One of the sobering facts writing code for x86 hardware is performance on any given procedure varies from one processor to another. On this HASWELL I am using I just did some speed tests on simple byte copy and the combination "rep movsb" is the fastest on small memory copy tasks. On very large data the SSE and AVX versions are faster but interestingly enough the historical "rep movsd" hybrid with "rep movsb" is actually slower on all data sizes.
; ¤¤¤¤¤¤¤¤¤¤¤¤¤¤¤¤¤¤¤¤¤¤¤¤¤¤¤¤¤¤¤¤¤¤¤¤¤¤¤¤¤¤¤¤¤¤¤¤¤¤¤¤¤¤¤¤¤¤¤¤¤¤¤¤¤¤¤¤¤¤¤¤¤¤¤¤¤¤¤¤¤¤¤¤¤¤¤¤¤¤¤¤¤¤¤¤¤¤
NOSTACKFRAME
bcopy proc
; rcx = src
; rdx = dst
; r8 = count
mov r11, rsi
mov r10, rdi
mov rsi, rcx
mov rdi, rdx
mov rcx, r8
rep movsb
mov rsi, r11
mov rdi, r10
ret
bcopy endp
STACKFRAME
; ¤¤¤¤¤¤¤¤¤¤¤¤¤¤¤¤¤¤¤¤¤¤¤¤¤¤¤¤¤¤¤¤¤¤¤¤¤¤¤¤¤¤¤¤¤¤¤¤¤¤¤¤¤¤¤¤¤¤¤¤¤¤¤¤¤¤¤¤¤¤¤¤¤¤¤¤¤¤¤¤¤¤¤¤¤¤¤¤¤¤¤¤¤¤¤¤¤¤
What about the "native" size for x64, rep movsq?
Its worth a try, I will have to do one at some stage.

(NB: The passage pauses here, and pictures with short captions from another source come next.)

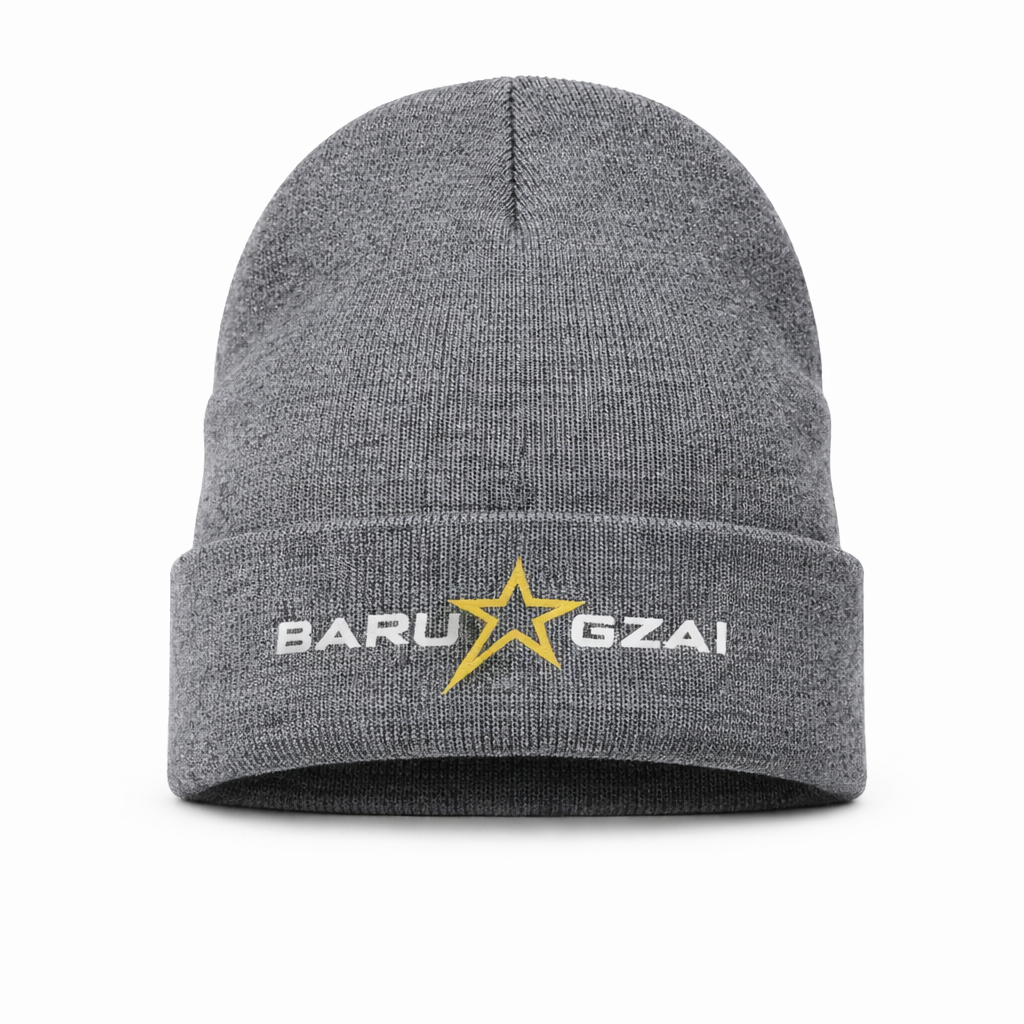 Gray beanie with 'BARU GZAI' logo on a white background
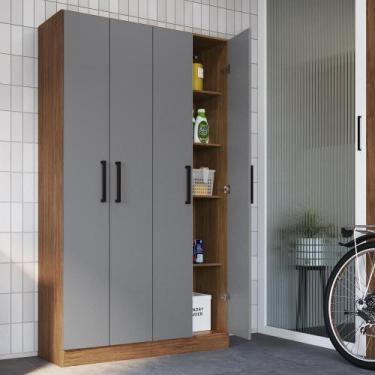 Imagem de Armário Multiuso Rivera 4 Portas 8 Prateleiras - IRM, FREIJO/CINZA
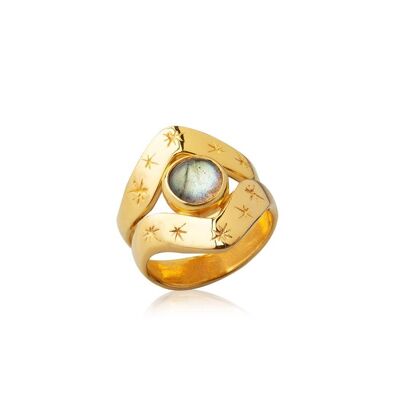 Cosmic Armor Ring Labradorite925 Gold Plated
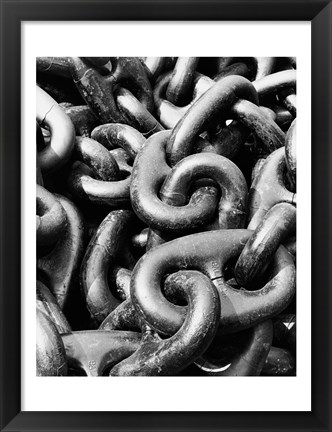 Framed Close-up of a rusty anchor chain, Sun Shipbuilding Company, Chester, Pennsylvania, USA Print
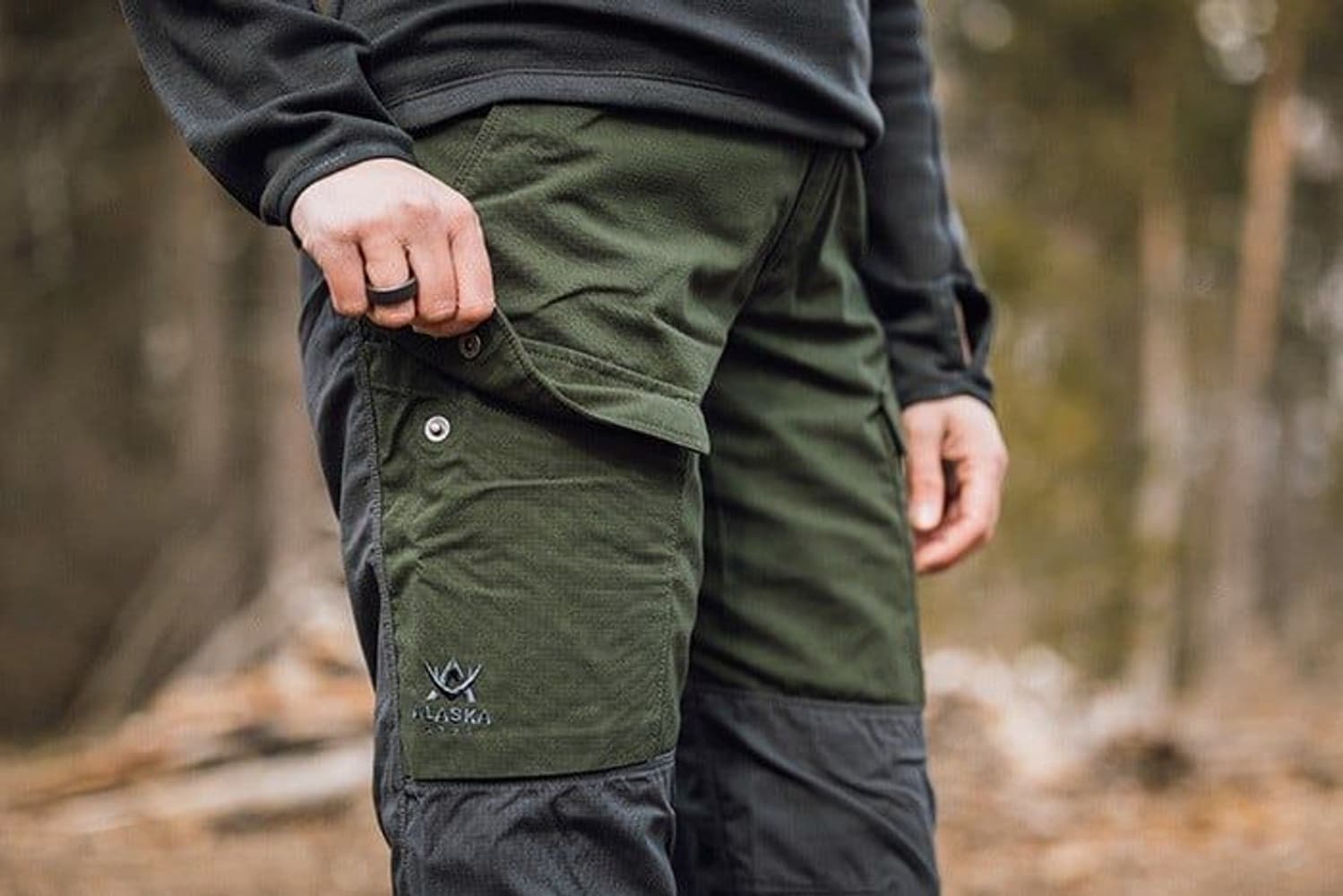 Comfort -miesten housut, vihreä/harmaa, view: 2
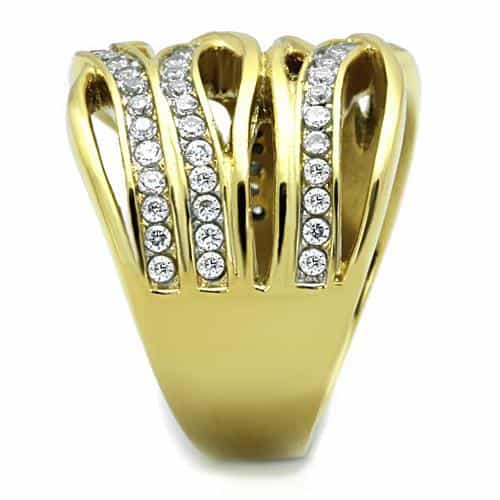 Stainless Steel Gold CZ Pave Multi Wave Crossover Wide Ring view 7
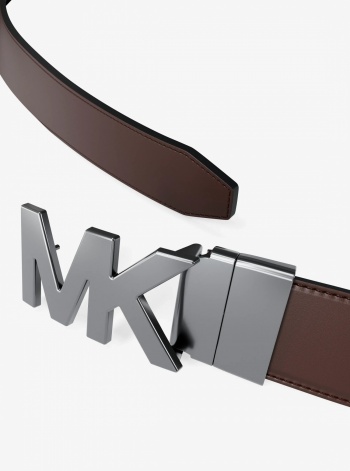 Michael Kors Mens Reversible Logo Embossed Leather Buckle Belt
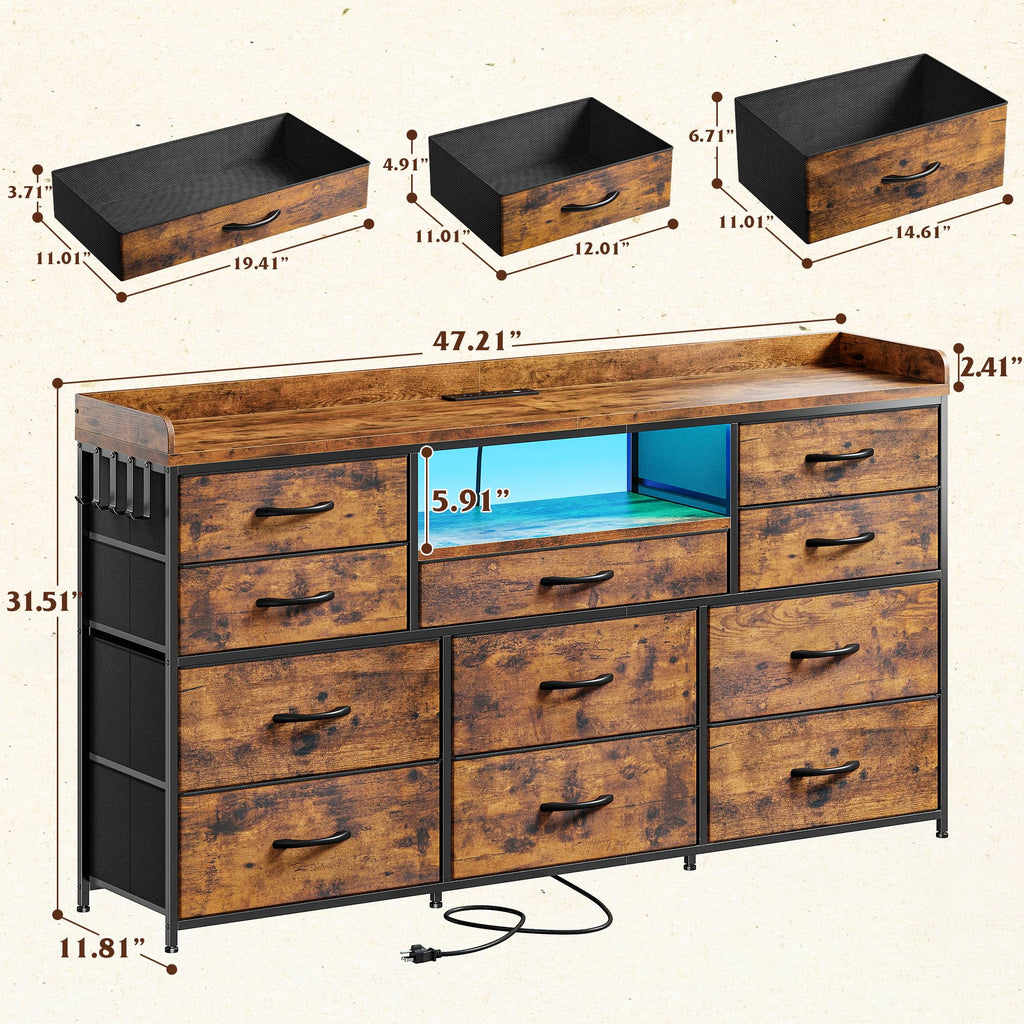 Brown 11 Drawer Dresser Z735121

Long ago Intel made special provisions for using the old REP MOVS instructions and they were always reasonably fast but this stuff tends to vary from processor to processor. This is what I am getting timing wise with different instructions.
bcopy 7141
mcopy 7281
xmmcopya 5375
ymmcopya 5407
Press any key to continue...